Motivation: this post walks through how to build a “product qualifying” model to identify which users of your product are most likely to buy. For explanations of why this is a great idea, and you should already be doing it, see this excellent article from Madkudu, or the Product-Led Growth book. At some point I’ll write up a more expository post on my theory-of-the-case and experience using this technique in SaaS for the last 3 years. At boardable.com we saw a 7.5x increase in conversion for our product-qualified leads after building this system out! See Part 2 for a discussion of building insight tools to use the PQL scores across a SaaS business.
Ingredients
Auto-captured page views, clicks, form submits, the activity of users in your product, with a unique identifier for each account.
Heap, Mixpanel, Pendo and others provide the service. For thoughts on which things in your product are the most relevant to track: stay tuned!

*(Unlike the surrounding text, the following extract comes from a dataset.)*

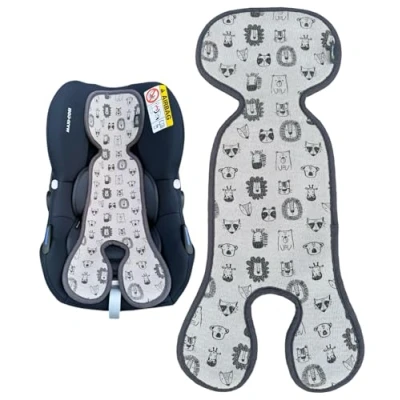 Abbildung von HECKBO Baby Sitzauflage Sommer Antischwitz für Kinderwagen Gruppe 0 Babyschale Kinder Matte Mädchen Jungen grau mit Tieren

Definition of “conversion.” What is the first destination you would like to get customers to? Usually this is paying you in some way (subscribing, buying, etc.)
Definition of “dropped off.” How do you know when a user is not going to convert (pay you)? If you have a time-limited trial you can use the end of the trial (with a sufficient time delay to ensure they do not reactive or convert a few days later). If it is in an endless free product something like “30 days of not logging in” works well for “dropped off.”
Conversion baseline: over the time period you are analyzing, what is your overall conversion rate? Baseline = converted accounts / (dropped off + converted) accounts.
Preparation
Collect all of the auto-captured data for users who converted and those who dropped off. Depending on how much data you have specifying a certain time period is helpful, say the 180 days from 30 days ago and back. Ignore any data from users that converted before this time period, or who are still active but not converted (these are the ones we will “score” at the end).
We want to put together a table where each row is a unique account and each column is a different event (page view, button click, etc.), and for each account we have a count of how many times that account did that event. For now we only need 0 or 1 (didn’t do the action, did the action), but having counts can enrich it later.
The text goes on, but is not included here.